> _ASSIGNED TASK_
Using the records below, output the stretch that opens with the line containing "This delightful cent" and closes with the line containing "Halloween Spider Earrings Black and Gold", exactly and including both lines, with nothing more.

[Stored items]
------------------------------

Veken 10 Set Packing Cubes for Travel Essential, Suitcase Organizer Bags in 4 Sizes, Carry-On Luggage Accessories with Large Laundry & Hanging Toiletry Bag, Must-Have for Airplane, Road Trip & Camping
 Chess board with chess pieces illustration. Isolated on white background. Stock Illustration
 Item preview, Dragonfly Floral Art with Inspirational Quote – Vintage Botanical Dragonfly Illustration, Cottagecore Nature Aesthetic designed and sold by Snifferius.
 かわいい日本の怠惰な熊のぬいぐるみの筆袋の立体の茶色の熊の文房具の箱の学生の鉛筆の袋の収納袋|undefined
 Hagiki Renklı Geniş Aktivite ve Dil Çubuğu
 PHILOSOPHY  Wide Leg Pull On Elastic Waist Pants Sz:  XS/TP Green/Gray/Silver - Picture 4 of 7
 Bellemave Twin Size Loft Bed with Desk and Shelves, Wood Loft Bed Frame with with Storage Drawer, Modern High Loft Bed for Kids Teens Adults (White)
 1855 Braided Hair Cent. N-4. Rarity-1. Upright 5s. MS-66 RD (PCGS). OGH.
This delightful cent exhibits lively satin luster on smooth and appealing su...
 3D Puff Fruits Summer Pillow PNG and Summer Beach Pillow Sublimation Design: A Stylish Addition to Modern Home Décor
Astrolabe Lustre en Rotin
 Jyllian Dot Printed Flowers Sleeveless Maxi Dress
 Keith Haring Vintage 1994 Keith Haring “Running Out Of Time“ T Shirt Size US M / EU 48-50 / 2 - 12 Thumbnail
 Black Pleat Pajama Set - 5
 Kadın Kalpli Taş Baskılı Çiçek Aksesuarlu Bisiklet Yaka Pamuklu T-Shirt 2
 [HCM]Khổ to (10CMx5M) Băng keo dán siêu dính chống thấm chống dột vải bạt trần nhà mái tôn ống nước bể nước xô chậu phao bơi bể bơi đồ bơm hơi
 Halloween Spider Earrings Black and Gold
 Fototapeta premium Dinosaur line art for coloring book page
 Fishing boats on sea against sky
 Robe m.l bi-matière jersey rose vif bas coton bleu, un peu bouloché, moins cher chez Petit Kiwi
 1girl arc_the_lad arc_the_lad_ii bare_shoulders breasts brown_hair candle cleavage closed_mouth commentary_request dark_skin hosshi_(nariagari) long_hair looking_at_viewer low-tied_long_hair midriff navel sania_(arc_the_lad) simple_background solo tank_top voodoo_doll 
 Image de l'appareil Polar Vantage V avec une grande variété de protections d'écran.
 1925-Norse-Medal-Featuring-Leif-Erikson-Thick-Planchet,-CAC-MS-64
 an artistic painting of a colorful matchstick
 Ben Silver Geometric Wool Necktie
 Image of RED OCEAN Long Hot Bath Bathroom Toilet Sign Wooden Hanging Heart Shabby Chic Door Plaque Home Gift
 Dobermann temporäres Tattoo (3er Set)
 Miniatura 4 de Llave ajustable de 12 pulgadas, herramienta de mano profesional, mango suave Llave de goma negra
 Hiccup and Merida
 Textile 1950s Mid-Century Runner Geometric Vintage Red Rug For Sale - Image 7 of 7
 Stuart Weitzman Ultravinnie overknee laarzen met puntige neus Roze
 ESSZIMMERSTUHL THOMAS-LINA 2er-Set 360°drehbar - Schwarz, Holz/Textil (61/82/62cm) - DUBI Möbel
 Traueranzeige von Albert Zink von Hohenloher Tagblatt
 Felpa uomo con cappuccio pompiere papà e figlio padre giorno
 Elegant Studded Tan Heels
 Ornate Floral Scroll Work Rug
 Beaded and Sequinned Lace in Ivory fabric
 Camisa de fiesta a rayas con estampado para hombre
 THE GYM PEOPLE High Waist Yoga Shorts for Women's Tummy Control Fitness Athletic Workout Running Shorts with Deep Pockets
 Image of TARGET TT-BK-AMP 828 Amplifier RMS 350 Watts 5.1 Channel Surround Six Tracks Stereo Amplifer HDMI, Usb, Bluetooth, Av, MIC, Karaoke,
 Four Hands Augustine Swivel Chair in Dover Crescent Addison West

------------------------------

> _ANSWER TO THE EXERCISE_
This delightful cent exhibits lively satin luster on smooth and appealing su...
 3D Puff Fruits Summer Pillow PNG and Summer Beach Pillow Sublimation Design: A Stylish Addition to Modern Home Décor
Astrolabe Lustre en Rotin
 Jyllian Dot Printed Flowers Sleeveless Maxi Dress
 Keith Haring Vintage 1994 Keith Haring “Running Out Of Time“ T Shirt Size US M / EU 48-50 / 2 - 12 Thumbnail
 Black Pleat Pajama Set - 5
 Kadın Kalpli Taş Baskılı Çiçek Aksesuarlu Bisiklet Yaka Pamuklu T-Shirt 2
 [HCM]Khổ to (10CMx5M) Băng keo dán siêu dính chống thấm chống dột vải bạt trần nhà mái tôn ống nước bể nước xô chậu phao bơi bể bơi đồ bơm hơi
 Halloween Spider Earrings Black and Gold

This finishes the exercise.